A method of vacuum-assisted RTM is known which disposes a resin distribution medium over the whole of one surface of a reinforcing-fiber substrate (usually, a reinforcing-fiber substrate formed as a preform), covers the whole with a bag material to reduce the pressure inside the bag material, injects a resin toward the resin distribution medium, first, distributes the injected resin substantially in in-plane directions of the resin distribution medium and, thereafter, impregnates the resin into the reinforcing-fiber substrate in its thickness direction. In such a method of vacuum-assisted RTM, in a case where the resin flowability of the preform is nonuniform, because there occurs a difference between times for flow of the resin in the preform being impregnated into the preform, a problem may occur that a non-impregnated part is generated, or that a previously impregnated resin interrupts a suction route between a pressure-reduced suction port and the preform, and a following resin impregnation is impaired. For example, in a case where parts different in thickness exist in the preform, or in a case where parts different in length or width to be impregnated with resin (parts different in resin impregnation length) exist in the lengthwise direction of the preform, because there occurs a difference between times for flow of the resin in the preform depending upon these parts, a problem may occur that a non-impregnated part is generated, or that a previously impregnated resin impairs a following resin impregnation.

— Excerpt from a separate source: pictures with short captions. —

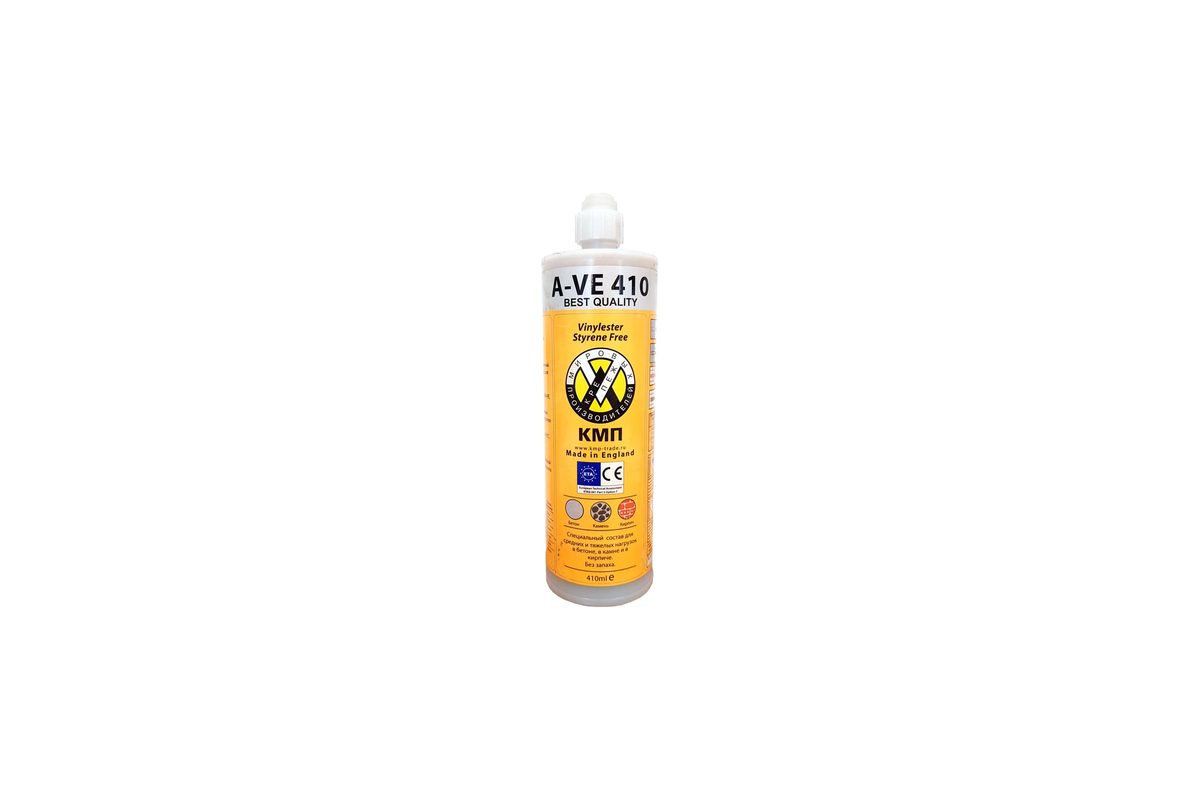 Химический анкер КМП A-VE 410ml Винилэстер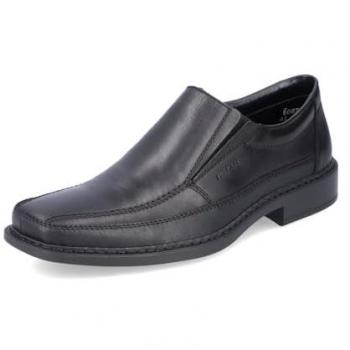 Rieker Slipper Festtagschuh, Halbschuh, Komfortschuh im klassischen Business-Look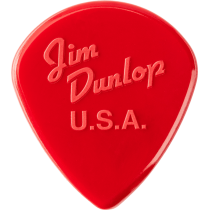Dunlop - Jazz III, Médiator Rock III 1.38 mm, Rouge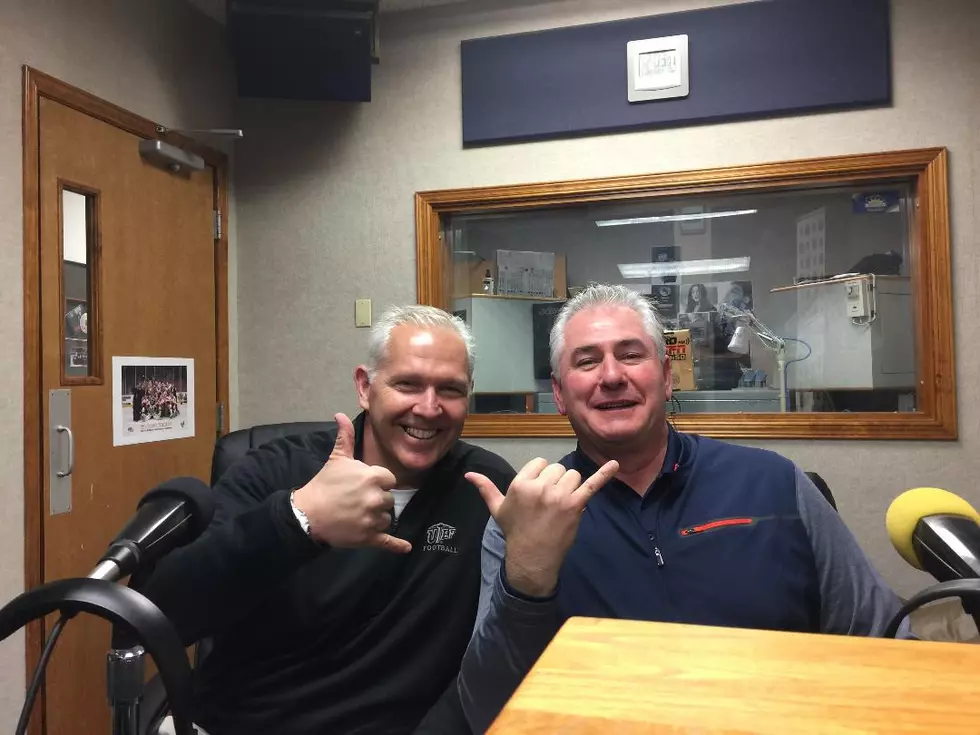 Watch Jim Senter and Dana Dimel on Crunchtime Together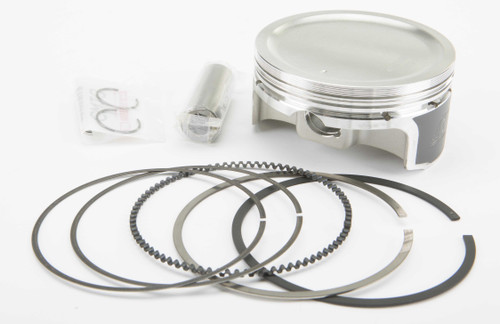 WISECO 40174M09250 Wiseco Piston Kit Armorglide 2 Valve 92.50/+0.50 10:1 Hon 40174M09250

To increase the resin distribution property due to the resin distribution medium and improve the surface property of a molded product in the method of vacuum-assisted RTM, although a technology is known for increasing the number of disposed resin distribution media (for example, JP-A-2004-188750), by merely increasing the number of resin distribution media over the entire surface, although the inner flowability of the resin distribution medium itself can be improved, the above-described problems cannot be solved in a case where there is a change in resin flowability of reinforcing-fiber substrate when the resin is impregnated from the resin distribution medium into the reinforcing-fiber substrate. Further, because a large amount of resin is distributed at the part of resin distribution medium, waste of resin may become great.

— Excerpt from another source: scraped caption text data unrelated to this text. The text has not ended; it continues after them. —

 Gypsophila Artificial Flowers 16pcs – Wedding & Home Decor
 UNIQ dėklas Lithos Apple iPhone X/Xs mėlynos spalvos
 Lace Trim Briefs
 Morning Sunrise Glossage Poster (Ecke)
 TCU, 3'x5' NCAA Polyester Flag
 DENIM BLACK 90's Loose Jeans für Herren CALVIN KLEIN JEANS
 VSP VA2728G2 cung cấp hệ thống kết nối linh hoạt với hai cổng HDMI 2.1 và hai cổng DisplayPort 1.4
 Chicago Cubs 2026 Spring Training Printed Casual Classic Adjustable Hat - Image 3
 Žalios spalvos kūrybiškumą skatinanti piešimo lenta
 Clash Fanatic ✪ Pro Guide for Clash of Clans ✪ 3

Further, although a method is also proposed for providing many resin injection ports when a large-sized plane material is molded by vacuum-assisted RTM (for example, JP-A-2003-011136), even if the resin impregnation into a resin distribution medium is improved, the aforementioned problems cannot be solved in a case where there is a change in resin flowability of reinforcing-fiber substrate when the resin is impregnated from the resin distribution medium into the reinforcing-fiber substrate.
Furthermore, although a technology is also proposed for using a net-like stereo structured resin distribution medium (for example, JP-A-2004-249527), it does not describe as to a solution for the problem due to a change in resin flowability of reinforcing-fiber substrate.

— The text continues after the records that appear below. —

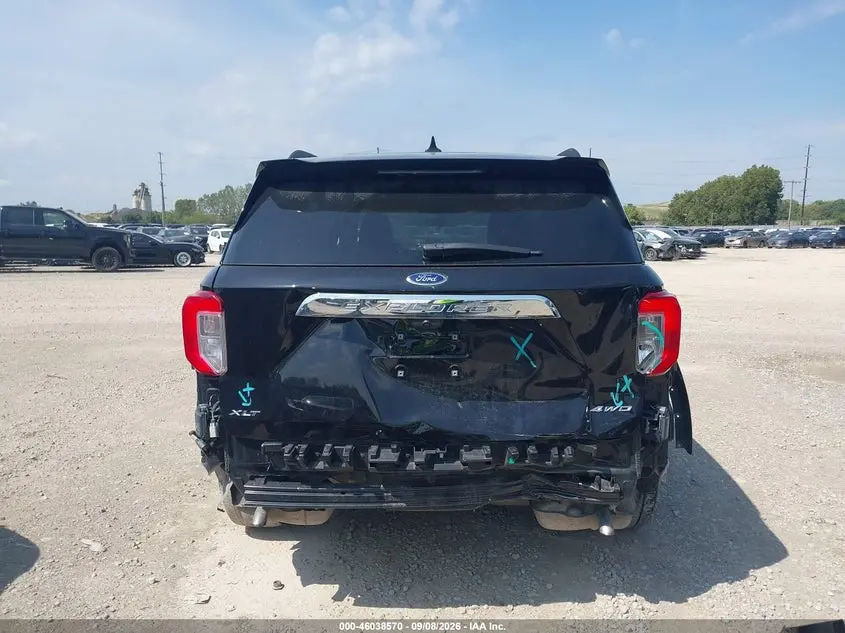 2023 FORD EXPLORER XLT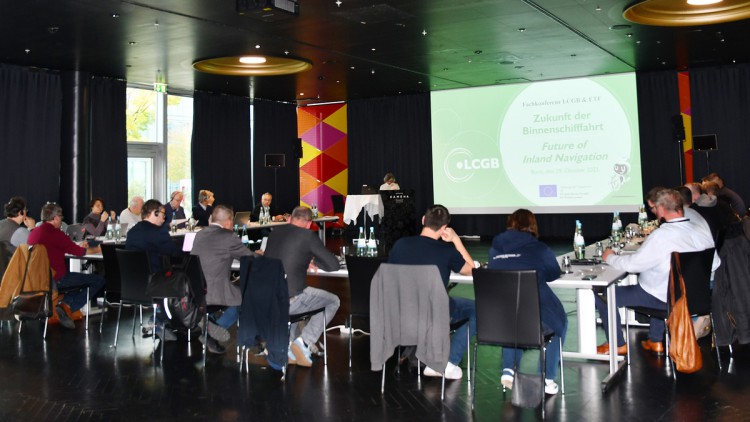LCGB und ETF veranstalten Fachkonferenz zur Zukunft der Binnenschifffahrt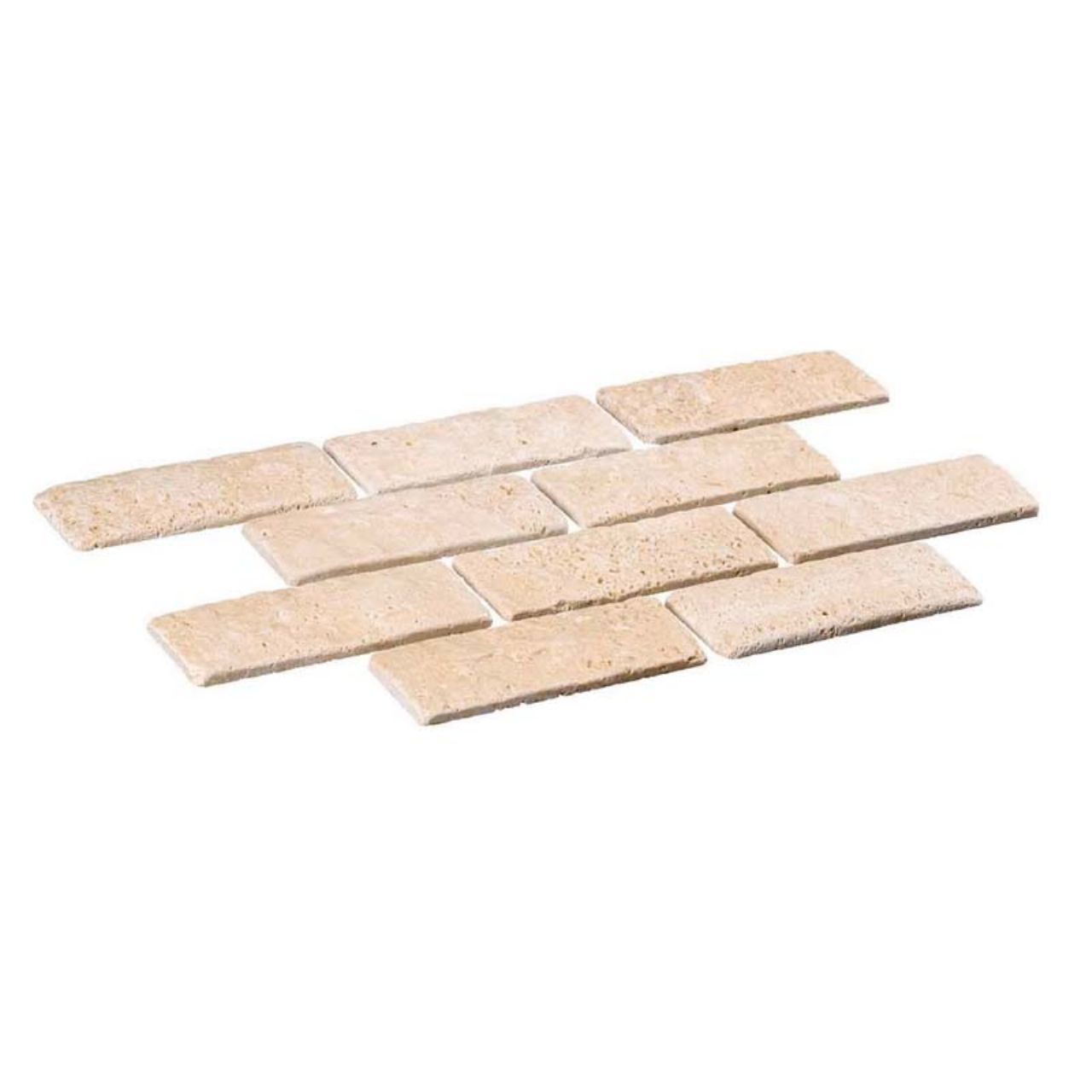 Travertine Tumbled Split Face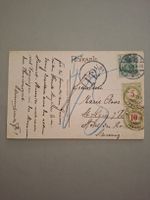 Wetzlar 1909 - Schweiz • Nachporto mit 15 Rappen St.Legier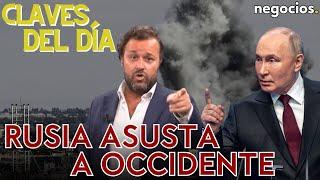 Claves del día Rusia asusta con 3 toneladas a Occidente triple hora bruja y la libertad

Accordingly, it could be helpful to provide a method of vacuum-assisted RTM, in a case where there is a change in resin flowability in in-plane directions of a reinforcing-fiber substrate, which can absorb the change by the side of a resin distribution medium, and with respect to a resin-impregnated reinforcing-fiber substrate becoming a product or a main structural part of a product, which can prevent a problem that a non-impregnated part is generated or a problem that a previously impregnated resin impairs a following resin impregnation from occurring, and can stably obtain a desired molded product surely.